» Assignment:
All entries should be printed precisely as written.

(Stored items)

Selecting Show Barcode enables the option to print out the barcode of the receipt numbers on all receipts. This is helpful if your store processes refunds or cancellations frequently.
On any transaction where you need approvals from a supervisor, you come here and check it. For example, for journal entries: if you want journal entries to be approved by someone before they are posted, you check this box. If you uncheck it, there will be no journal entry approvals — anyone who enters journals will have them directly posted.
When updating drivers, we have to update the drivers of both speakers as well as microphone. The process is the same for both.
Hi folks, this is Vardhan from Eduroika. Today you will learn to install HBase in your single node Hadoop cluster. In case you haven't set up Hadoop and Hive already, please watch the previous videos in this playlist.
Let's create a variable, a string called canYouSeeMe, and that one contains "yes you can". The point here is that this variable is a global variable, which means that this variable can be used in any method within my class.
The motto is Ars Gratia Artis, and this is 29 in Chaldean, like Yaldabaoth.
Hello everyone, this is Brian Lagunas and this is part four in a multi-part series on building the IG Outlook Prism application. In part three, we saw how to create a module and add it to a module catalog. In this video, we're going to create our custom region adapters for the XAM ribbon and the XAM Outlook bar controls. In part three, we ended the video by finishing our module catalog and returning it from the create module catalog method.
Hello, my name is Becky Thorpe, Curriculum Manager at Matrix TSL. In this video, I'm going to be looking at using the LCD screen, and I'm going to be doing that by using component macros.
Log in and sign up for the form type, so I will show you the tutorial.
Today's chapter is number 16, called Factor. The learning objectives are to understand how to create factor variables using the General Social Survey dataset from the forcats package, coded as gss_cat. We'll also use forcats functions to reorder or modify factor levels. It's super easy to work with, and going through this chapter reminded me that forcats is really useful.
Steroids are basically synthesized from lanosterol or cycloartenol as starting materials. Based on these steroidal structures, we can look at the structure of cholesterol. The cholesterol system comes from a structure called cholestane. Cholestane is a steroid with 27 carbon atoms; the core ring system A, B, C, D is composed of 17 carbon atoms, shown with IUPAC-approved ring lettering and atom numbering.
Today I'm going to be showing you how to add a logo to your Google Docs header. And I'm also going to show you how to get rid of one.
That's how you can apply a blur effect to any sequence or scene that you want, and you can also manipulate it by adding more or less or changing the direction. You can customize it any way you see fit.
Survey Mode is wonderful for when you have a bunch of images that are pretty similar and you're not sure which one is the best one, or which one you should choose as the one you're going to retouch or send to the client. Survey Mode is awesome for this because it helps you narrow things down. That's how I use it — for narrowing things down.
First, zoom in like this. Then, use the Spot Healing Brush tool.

» Completed task:
Selecting Show Barcode enables the option to print out the barcode of the receipt numbers on all receipts. This is helpful if your store processes refunds or cancellations frequently.
On any transaction where you need approvals from a supervisor, you come here and check it. For example, for journal entries: if you want journal entries to be approved by someone before they are posted, you check this box. If you uncheck it, there will be no journal entry approvals — anyone who enters journals will have them directly posted.
When updating drivers, we have to update the drivers of both speakers as well as microphone. The process is the same for both.
Hi folks, this is Vardhan from Eduroika. Today you will learn to install HBase in your single node Hadoop cluster. In case you haven't set up Hadoop and Hive already, please watch the previous videos in this playlist.
Let's create a variable, a string called canYouSeeMe, and that one contains "yes you can". The point here is that this variable is a global variable, which means that this variable can be used in any method within my class.
The motto is Ars Gratia Artis, and this is 29 in Chaldean, like Yaldabaoth.
Hello everyone, this is Brian Lagunas and this is part four in a multi-part series on building the IG Outlook Prism application. In part three, we saw how to create a module and add it to a module catalog. In this video, we're going to create our custom region adapters for the XAM ribbon and the XAM Outlook bar controls. In part three, we ended the video by finishing our module catalog and returning it from the create module catalog method.
Hello, my name is Becky Thorpe, Curriculum Manager at Matrix TSL. In this video, I'm going to be looking at using the LCD screen, and I'm going to be doing that by using component macros.
Log in and sign up for the form type, so I will show you the tutorial.
Today's chapter is number 16, called Factor. The learning objectives are to understand how to create factor variables using the General Social Survey dataset from the forcats package, coded as gss_cat. We'll also use forcats functions to reorder or modify factor levels. It's super easy to work with, and going through this chapter reminded me that forcats is really useful.
Steroids are basically synthesized from lanosterol or cycloartenol as starting materials. Based on these steroidal structures, we can look at the structure of cholesterol. The cholesterol system comes from a structure called cholestane. Cholestane is a steroid with 27 carbon atoms; the core ring system A, B, C, D is composed of 17 carbon atoms, shown with IUPAC-approved ring lettering and atom numbering.
Today I'm going to be showing you how to add a logo to your Google Docs header. And I'm also going to show you how to get rid of one.
That's how you can apply a blur effect to any sequence or scene that you want, and you can also manipulate it by adding more or less or changing the direction. You can customize it any way you see fit.
Survey Mode is wonderful for when you have a bunch of images that are pretty similar and you're not sure which one is the best one, or which one you should choose as the one you're going to retouch or send to the client. Survey Mode is awesome for this because it helps you narrow things down. That's how I use it — for narrowing things down.
First, zoom in like this. Then, use the Spot Healing Brush tool.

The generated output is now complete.